13 Temmuz 2025'te Süveyda'da yaşananlar, bu tek ve medeni ülkenin insanları arasında bir arada yaşama yönelik ağır bir sınavı ve işareti temsil ediyor.Tarihsel olarak, dünya genelinde, bölgesel ve ulusal düzeyde benzer anlaşmazlıkların yaşandığını kabul ediyorum, ancak bunlar kardeşler arasında silahlanmaya varan bir çatışma noktasına varmıyor. Nitekim Birleşmiş Milletler raporlarına göre, üç gün boyunca yüzlerce kişi hayatını kaybetti ve olayların yaşandığı bölgelerde zorla yerinden edilenlerin ve kaçanların sayısı binlere ulaştı. Buradaki en tehlikeli husus, İsrail'in Suriye-Suriye çatışmasını kullanarak, Suriye devletinin stratejik kurumlarına saldırarak, Suriye devletini mezhepsel ayrımlar temelinde parçalamak ve Güney Suriye'deki yayılmacı projesini tamamlamak amacıyla tüm kırmızı çizgileri aşmış olmasıdır. Amaç, Davut Ekonomik Koridoru ve Sufa 53 Askeri Koridoru gibi, İsrail'in hayallerinin ulaşabildiği yere kadar Suriye topraklarını parçalara ayıran koridorlar oluşturmak ve İsrail'in Tevrat haritalarına göre sınırlarına daha da yaklaşmaktır.
Suriye devleti, mezhep temelli bir bölünmeye izin vermeyeceğini belirterek, bu plana hak ettiği yanıtı verdi. ABD'nin İsrail saldırganlığını durdurmak için harekete geçtiği ve Arap ülkelerinin de İsrail'in kartları karıştırdığını, Suriye'yi sonuçları tüm bölgeyi etkileyecek varoluşsal bir krize sokmak istediğini fark ederek aceleci davrandığı bir sır değil. Dahası İsrail, tehlikeli planlarını uygulamak için zaman kazanmak adına yeni bir kronik sorun yaratmaya çalışıyor. Çeşitli, farklı ve kendine özgü Suriye durumu gibi hassas bir toplumsal yapıda deneycilik yapıyor.
Bu kanlı dalgalar ve Suriye halkına karşı planlanan gelecekteki huzursuzluklar ortasında bir soru öne çıkıyor: Suriye, Suriye devletinin ve ulusunun çöküşüne yol açabilecek bu zorlu sınavdan nasıl kurtarılabilir?

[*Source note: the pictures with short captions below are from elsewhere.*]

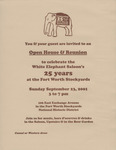 White Elephant Saloon Invitation Paper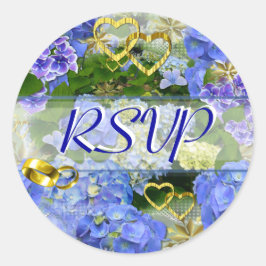 ハート&アジサイ～エンベロープシーラー/シール ラウンドシール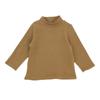 Bueno para usar Joker ~ versión coreana de otoño e invierno para niños, camiseta interior de cuello alto para niños y niñas, con forro de felpa, manga larga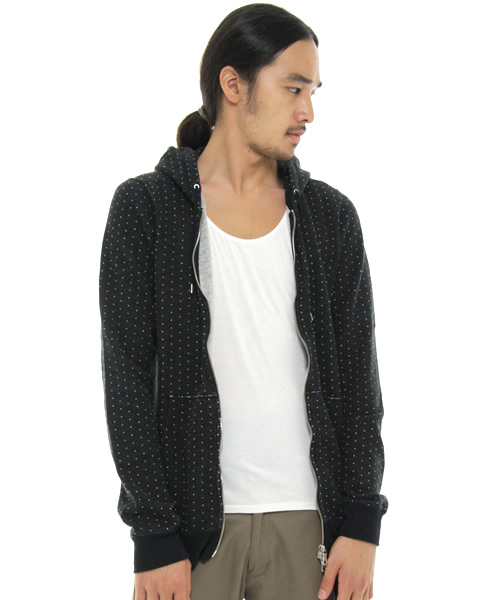 MONKEY TIME(モンキータイム)の「MT JQ/DOT ZIP PK◆(パーカー・メンズ・ブラック/グレー・SMALL/MEDIUM/LARGE)」の5枚目の写真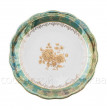 Блюдо 30 см круглое  Royal Czech Porcelain &quot;Фредерика /Золотая роза /Зеленая&quot; / 203878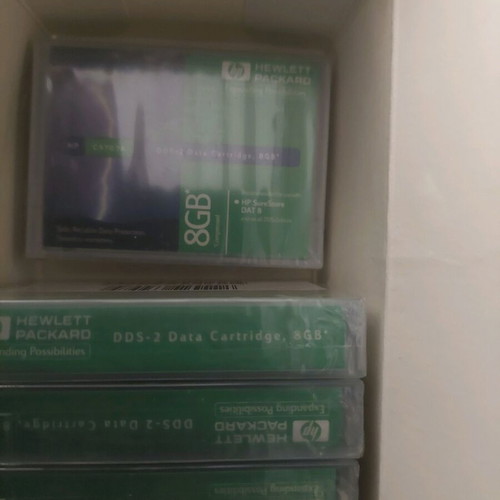 HP DDS-2 data cartridge 8GB, pack of 6, sealed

Bu noktada hakikaten Cumhurbaşkanı Sedat'ın “Lübnan'dan ellerinizi çekin” sözlerini hatırlıyor ve burada güvenle “Suriye'den ellerinizi çekin” diyorum. Arap bölgesi ve dünya için parçalanmış bir Suriye, tüm vatandaşları için bir ulus-devlet olan Suriye'den daha tehlikelidir. Bu nedenle hem içeride hem de dışarıda Suriye meselelerine dahil olan tüm taraflardan bilgelik, sağlam politikalar ve hızlı aksiyonlar gerektirdiğinden, bu zorlu sınavla başa çıkmak konusunda bir fırsat olduğunu düşünüyorum. İstikrarlı bir Suriye, tarihin canlılığının ve coğrafyanın gücünün bir göstergesidir. Onu ulusların oyununa kurban etmeyin.